Retaining clients for a service-based business may require a different strategy than retaining a purchase-based customer, but the end goal is the same: keep your clients coming back for more.
How does Professional Services Automation (PSA) differ from project management (PM) software? And how can you choose the right comprehensive solution to run your business?
Here are a few key differentiators between PSA and PM.
1. PSA Puts Customers at the Center Instead of Projects
With project management software, the emphasis is on projects. PM software helps you track tasks and collaborate so employees can keep up with their day-to-day work. Your customers may see the end result of your internal team’s work, but that could be incidental. A PM tool could be purchased solely for the benefit of your employees, regardless of how it affects your customer experience. Professional service automation (PSA) puts customers at the center. The focus is on optimizing the client’s experience, not just on tracking individual tasks.
Because the system has multiple touchpoints with the customer’s experience, employees have greater access to customer information across the board, while customers feel more taken care of across the entire scope of your business.
2. PSA Connects the Front Office to Sales and Service Delivery
Beside providing your customer with an better end-to-end experience, a PSA system provides your employees with much better visibility across the entire service delivery pipeline. The front office, the back office, and every service employee in between can see what the other departments have contributed to the customer’s account, whether that’s contact information, projects working and delivered, or expectations for future services.

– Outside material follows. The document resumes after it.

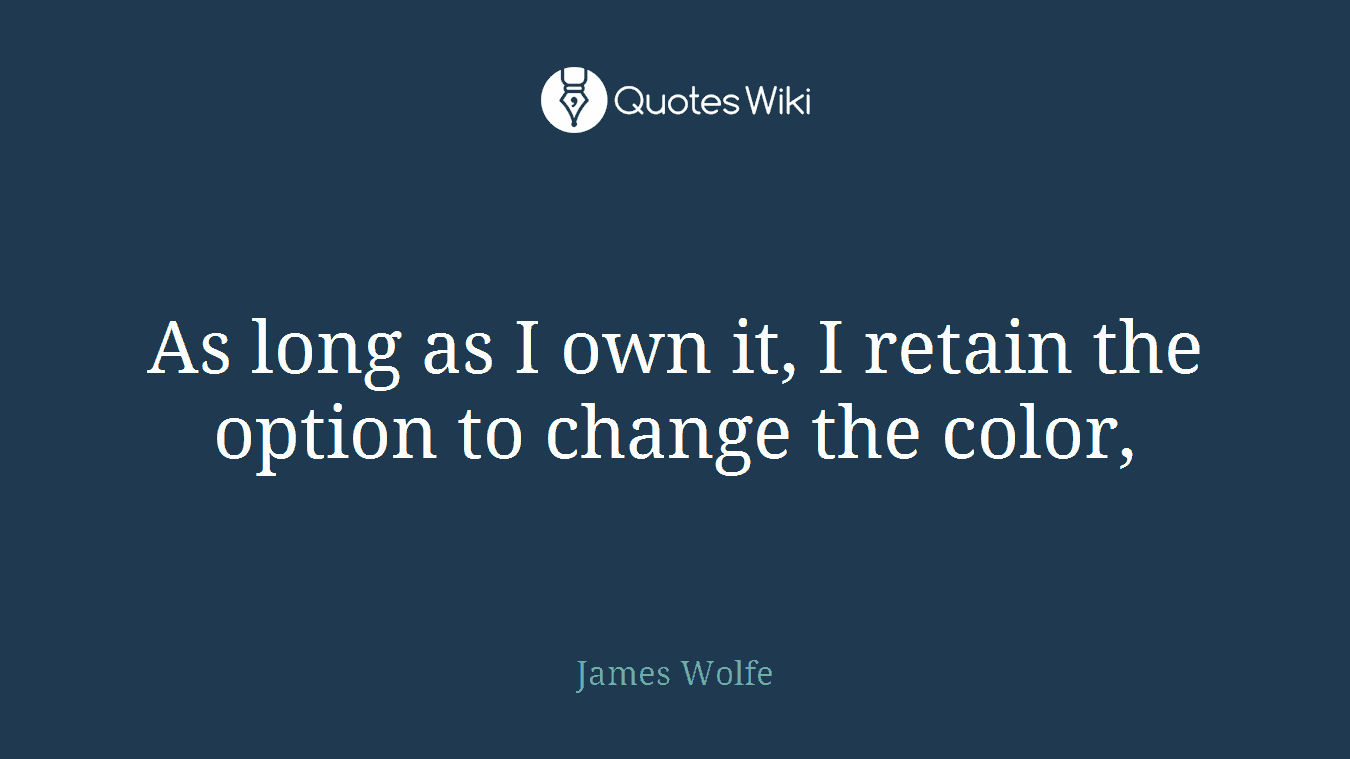 As long as I own it, I retain the option to change the color,
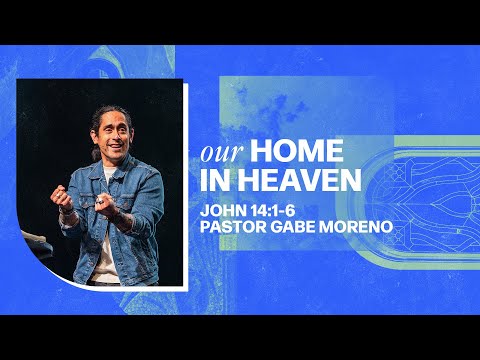 Our Home in Heaven (John 14:1-6 ) - Pastor Gabe Moreno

3. PSA Integrates Seamlessly From CRM to Accounting
Many PSA or PM systems can integrate with your CRM. But many of them also aren’t easily set up, a problem that usually results in service delivery being run separately from the CRM. A great PSA will include a strong PM feature set and integrate closely with your CRM. Klient Software is built natively within Salesforce, meaning integration isn’t a concern — it’s built to run together from the outset.
From the moment a customer is entered into the CRM as a contact, everything can run seamlessly with the PSA.
4. PSA Generates Revenue
Professional services automation systems are particularly helpful for generating revenue, for a few reasons. If you have billable hours or services and you’re using a Configure-Price-Quote (CPQ) system, having a PSA system to help you adjust profitability, margin, bookings, and revenue on the fly can lead to easier and greater revenue increases.
Additionally, SPI Research recently conducted an ROI study on professional services automation. The results found that a $200,000 investment in software and implementation could lead to nearly $23 million in increased revenue and reduced costs, based on a firm of 172 people — an ROI of 115 times the initial investment.
5. PSA Includes Many Other Modules Beyond Project Management
Professional services automation isn’t just different from project management — it encompasses it. But PSA also encompasses many other services and modules. This includes (but is not limited to) time entry, billing, invoicing, CPQ, proposals, document management, expense tracking, calendar management, revenue recognition, forecasting, and customer communities.
Because PSA includes so many more options than just project management, it’s capable of replacing many more systems than just PM.
Conclusion: PSA Is an End-to-End Service Delivery Solution
The right PSA system for your organization can provide or replace a PM-only tool while providing many additional solutions for your business. And because all of these tools work together within one PSA, everyone at your organization will have greater access to your customers’ information.
That means more profitable client engagements, increased customer retention, and more revenue over the life of the customer, just by using the right PSA system.